A previdência social que engloba assistência e atendimento à saúde é sim superavitária, porém, nas ultimas décadas os governos estão se utilizando de recursos do caixa da previdência para custeio de outros campos. Na verdade o discurso apresentado é, sim, ideológico, ou seja, repleto de interesses como forma de confundir ou jogar uma categoria contra outra. Lembram o que disse Fernando Henrique Cardoso na época da primeira reforma: “os aposentados são todos vagabundos”. Vê o absurdo. Somente em 2015, mais de 500 bilhões de reais foram utilizados para o pagamento de amortizações da dívida pública brasileira. Nesse mesmo ano os gastos com previdência foram de 460 bilhões.
Esses números aviltantes da dívida também escondem outros absurdos que merecem ser mencionados. Enquanto os valores previdenciários custeraram cerca de 90 milhões de brasileiros, os bilhões da dívida pública foram diretamente para  uma dezena ou centena de mãos. Não é um absurdo?  Outros dados que revelam a farsa da previdência. Entre isenções fiscais, dívida pública e sonegação fiscal, o Brasil deixa de arrecadar mais de um trilhão de reais por ano.
 Se fossem tomadas medidas como: a auditoria da dívida pública; fins das isenções e o combate as sonegações, o país poderia ter um aporte anual de recursos equivalentes a 40% desse montante, ou seja, mais de 400 bilhões de reais. Se o déficit previdenciário divulgado é de cerca de 200 bilhões anuais, os 40% vindos dos sonegadores, entre outros, não solucionariam o problema? A equação é simples. O falta então?       
As manifestações gigantes do dia 15 de março não há dúvida que serviu de termômetro para o governo Temer avaliar o cenário para manter ou tomar outras medidas quanto ao projeto de reforma previdenciária. A primeira vista, muitos até acreditaram que a fragmentação do projeto transferindo para os estados e municípios a responsabilidade com a reforma da previdência para os servidores públicos, seria algo positivo.  De repente caiu a ficha. A fragmentação proposta pode ser até muito pior que a proposta original.
Como um político experiente e astuto, a intenção do governo foi dividir os trabalhadores e inviabilizar a greve geral dos professores e outras categorias que estão previstas. No momento que joga para os estados e municípios a autonomia para promover suas reformas, as regras das aposentadorias deverão ter de se adequar aos dispositivos federais. Outro aspecto que favorecerá o governo. Lembram da PLP-343, que trata da proposta de RECUPERAÇÃO FISCA dos estados? Então, aí está a jogada. Os estados possuem dívidas com o governo federal, portanto, o acordo firmado com as unidades federativas para a renegociação das dívidas era de que fizessem os ajustes fiscais: congelamento dos salários, proibição de novos contratos e o aumento da contribuição previdenciária.

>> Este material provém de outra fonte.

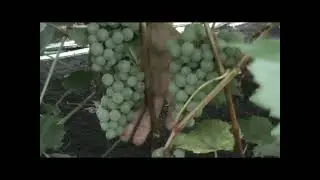 Саженцы винограда 
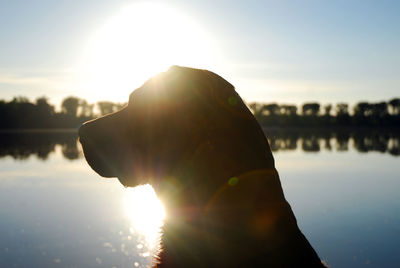 Close-up of dog at lakeshore against sky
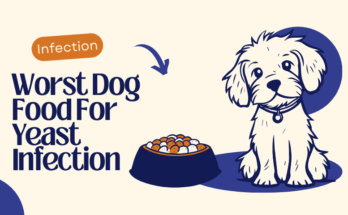 Worst Dog Food For Yeast Infection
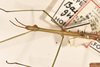CollectionObject 1559635; 25dee358-f54f-42b4-9a3e-4094dbc8bfa4: copyright OUMNH. male: head & thorax, dorsal view of Bacillus gramineus (holotype). (CollectionObject).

O curioso nisso tudo é que três dias depois da divulgação da notícia de que o governo federal excluiria do projeto os servidores públicos estaduais e municípios, no dia 24 de março, o governo Colombo, de SC, apresentava na casa da agronômica, o esboço do projeto SCPREV que trata sobre a aposentadoria dos servidores estaduais. Na realidade essa proposta de reforma do governo do estado já tinha sido apresentada em 2015. O texto traz itens que seguem a mesma fórmula do governo federal, isto é, estabelecer um teto máximo de 4.600 reais e criar um fundo complementar de 8% para o estado e servidores que quiserem obter um provento acima do teto. Os recursos do fundo seriam geridos por uma fundação privada. Foi possível entender agora a manobra do governo federal?  Uma luta que até então se projetava ser unificada, poderá se fragmentar, dando suporte ao governo federal na aprovação das reformas.